## WHAT IS REQUIRED
Where the listing below has a line with "55 Valley Vale", write out exactly that line and every line after it, stopping after the line with "Bánh Răng Thời Gian 5 trang 8".

## DATASET RECORDS
====

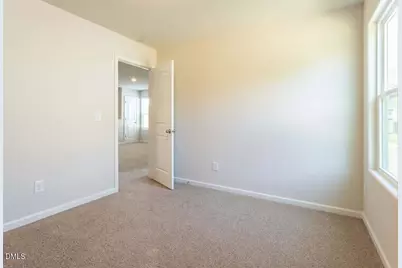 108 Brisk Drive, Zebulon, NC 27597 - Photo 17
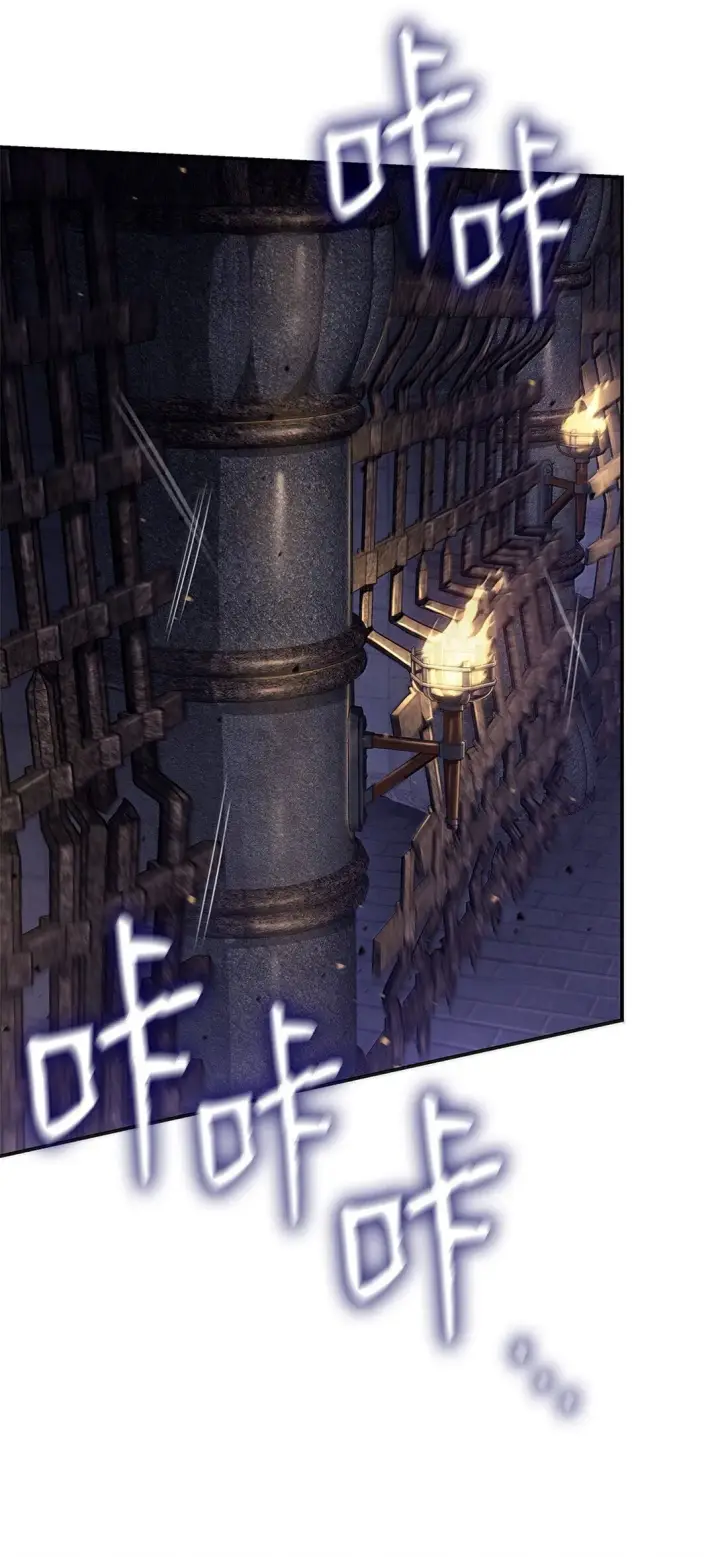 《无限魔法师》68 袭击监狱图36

====

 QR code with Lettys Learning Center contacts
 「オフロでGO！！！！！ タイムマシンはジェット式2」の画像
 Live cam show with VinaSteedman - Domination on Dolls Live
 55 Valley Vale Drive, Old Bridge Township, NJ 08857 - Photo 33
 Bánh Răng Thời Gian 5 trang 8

====

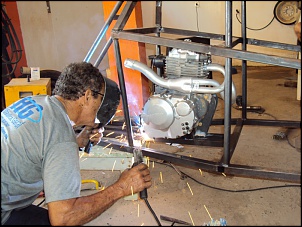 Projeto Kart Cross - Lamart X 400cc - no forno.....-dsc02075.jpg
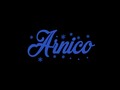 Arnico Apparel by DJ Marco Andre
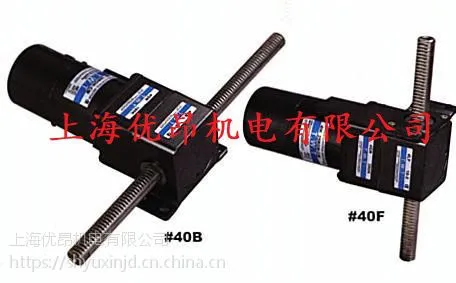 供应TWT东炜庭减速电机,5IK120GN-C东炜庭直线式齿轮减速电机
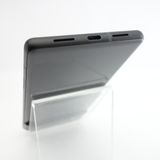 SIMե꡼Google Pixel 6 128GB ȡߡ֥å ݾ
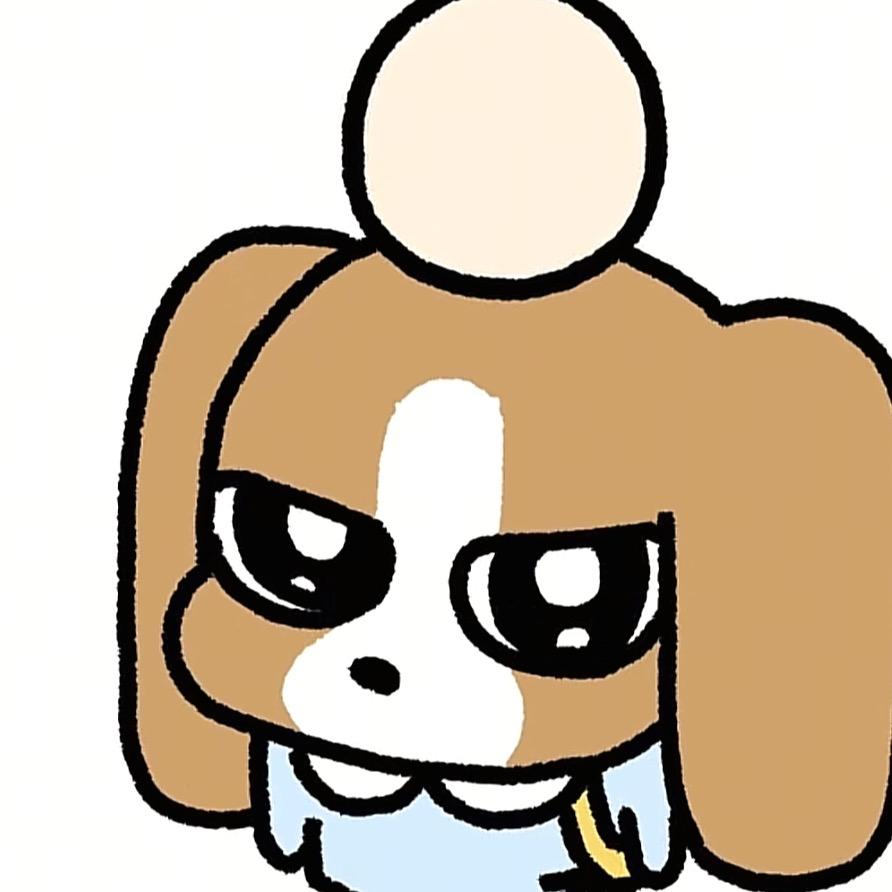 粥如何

====

## EXERCISE ANSWER
 55 Valley Vale Drive, Old Bridge Township, NJ 08857 - Photo 33
 Bánh Răng Thời Gian 5 trang 8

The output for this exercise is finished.